An emerging consensus on grading recommendations?PDF
ACP J Club. 2006 Jan-Feb;144:A8. doi:10.7326/ACPJC-2006-144-1-A08
Clinical practice guidelines have improved in quality over the past 10 years by adhering to a few basic principles, such as conducting thorough systematic reviews of relevant evidence and grading the recommendations and the quality of the underlying evidence. The large number of systems of measuring the quality of evidence and recommendations that have emerged are, however, confusing (1).
The mission of the Grading of Recommendations, Assessment, Development, and Evaluation (GRADE) working group is to help resolve the confusion among the different systems of rating evidence and recommendations. The group has wide representation from many organizations, including the Agency for Healthcare Research and Quality in the United States, the National Institute for Clinical Excellence for England and Wales, and the World Health Organization. Developing a new uniform ratings system is challenging because all systems have limitations and because many organizations have invested a great deal of time and effort to develop their ratings systems and are understandably reluctant to adopt a new system.

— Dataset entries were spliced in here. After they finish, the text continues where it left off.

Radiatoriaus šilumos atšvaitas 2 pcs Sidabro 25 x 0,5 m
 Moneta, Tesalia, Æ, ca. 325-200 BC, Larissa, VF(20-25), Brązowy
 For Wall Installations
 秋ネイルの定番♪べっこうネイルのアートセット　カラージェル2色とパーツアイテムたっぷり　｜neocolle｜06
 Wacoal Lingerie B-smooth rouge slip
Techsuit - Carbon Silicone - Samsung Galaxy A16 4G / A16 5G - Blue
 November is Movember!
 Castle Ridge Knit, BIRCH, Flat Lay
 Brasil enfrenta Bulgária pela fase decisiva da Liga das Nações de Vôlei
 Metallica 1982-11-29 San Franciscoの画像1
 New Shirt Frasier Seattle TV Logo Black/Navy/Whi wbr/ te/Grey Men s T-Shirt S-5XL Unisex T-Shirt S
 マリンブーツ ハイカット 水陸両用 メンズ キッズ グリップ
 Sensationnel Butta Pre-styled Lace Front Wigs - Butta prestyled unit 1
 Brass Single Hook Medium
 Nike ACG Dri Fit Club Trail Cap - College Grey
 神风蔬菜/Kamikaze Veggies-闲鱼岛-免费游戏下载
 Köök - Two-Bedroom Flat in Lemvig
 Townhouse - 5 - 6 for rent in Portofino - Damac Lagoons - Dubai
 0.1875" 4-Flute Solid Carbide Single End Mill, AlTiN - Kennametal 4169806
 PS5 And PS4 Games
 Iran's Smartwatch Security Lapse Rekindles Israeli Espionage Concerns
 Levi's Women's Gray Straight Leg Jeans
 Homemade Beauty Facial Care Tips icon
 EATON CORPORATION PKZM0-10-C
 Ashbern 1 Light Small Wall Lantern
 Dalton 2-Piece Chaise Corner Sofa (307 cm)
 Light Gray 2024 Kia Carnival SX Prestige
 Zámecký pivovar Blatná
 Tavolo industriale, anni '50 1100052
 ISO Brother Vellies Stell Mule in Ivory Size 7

The GRADE working group first published the results of its work in 2004 in BMJ (2). A simpler, clinically oriented description will soon be published (3). GRADE has taken care to ensure its suggested system is simple to use and applicable to a wide variety of clinical recommendations that span the full spectrum of medical specialties and clinical care.
The GRADE system classifies recommendations in 1 of 2 levels—strong and weak—and quality of evidence into 1 of 4 levels—high, moderate, low, and very low. Evidence based on randomized controlled trials (RCTs) begins with a top rating on GRADE's 4-level quality-of-evidence classification (Table 1). GRADE takes into account, however, that not all RCTs are alike and that limitations of individual RCTs may compromise the quality of their evidence (Table 2).
First, quality decreases if most of the evidence comes from RCTs with serious methodological flaws, such as lack of allocation concealment or blinding, or large loss to follow-up. A second reason for downgrading is inconsistency of results—our confidence in estimates of benefit or risk is weaker if some studies show substantial effects and other apparently similar studies show no effect at all.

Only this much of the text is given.